> > Traditionally the decisions made have been quite conservative:
> > continuing support for Java 1.1, few changes that break the official
> > specification, using a lot of our own (HTTP, Base64) rather than the
> > Apache commons code. 
>
> To me, the decisions have been too conservative. I understand the
desire 
> to use XML-RPC in an Applet. However, only few of us seem to do so.
And, 
> besides, there would also be the option to maintain a "Lite" version 
> (possibly evolving from the current sources) and a "Fat" version. 
> (Version 3, possibly)

I think that version 3 is the place for most of this. It is certainly
not going to be acceptable for 1.2. If someone can provide a either a
convincing argument that 2.0 is not being used in applets, or a patch
that allowed Collections support without breaking support for Java 1.1
then that would be something acceptable for 2.0.

I will look into how we can support Collections without breaking Java
1.1 support tomorrow. I'm fairly sure that it is possible, and this
would (hopefully) be a solution that satisfies both camps. 

> > One of the strengths of Apache XML-RPC is its simplicity, not just
in
> > the XML-RPC wire representation, but also in the effort required to
> > compile and use it. With XML-RPC 1.1 this basically meant you had a
Java
> > Virtual Machine 1.1 or later, the rest: SAX, HTTP and Object <-> XML
> > transformation was provided by one small JAR file.
>
> I agree. However, currently this simplicity only applies to the 
> possibility to work without late software and API's.
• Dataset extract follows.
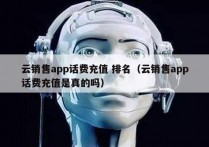 云销售app话费充值 排名（云销售app话费充值是真的吗）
See the next
point. 

The code on HEAD works with recent XML parsers, commons-httpclient 2.0
(I expect with 3.0 too), and I would expect it to work with Java 1.5.
The one thing that we don't support is Collections, previous discussion
on this list should make it clear that this has been a deliberate
decision. No-one has yet submitted a patch that addresses this.

> > Furthermore, not all of these patches need to be integrated into
> > XML-RPC. The current API provides sufficient support for most of
them to
> > be part of the product using XML-RPC rather than part of XML-RPC. 
>
> And here's where I disagree: Yes, it is technically possible to do
such 
> things with the current API. However, it is definitely far away from 
> being "simple".

I agree that things could be made easier, but I think that as much as
possible they should be done without breaking the current API. Patches
that make an effort to preserve the current API and behaviour are more
likely to be accepted.

> > Very few patches are submitted with any form of tests or
documentation,
> > meet the coding conventions used at Apache, or contain an indication
if
> > the standard test suite has been run. This makes it difficult to
accept
> > them, as the submitters code already works without changes to
XML-RPC,
> > and significant effort is required from committers to develop tests
so
> > that other users of the code can have some degree of certainty that
the
> > code works.
>
> This is certainly a valid issue. However, I cannot remember a single 
> case, where the response was "your patch is possibly fine, but how
about
> a unit test" (except today, of course).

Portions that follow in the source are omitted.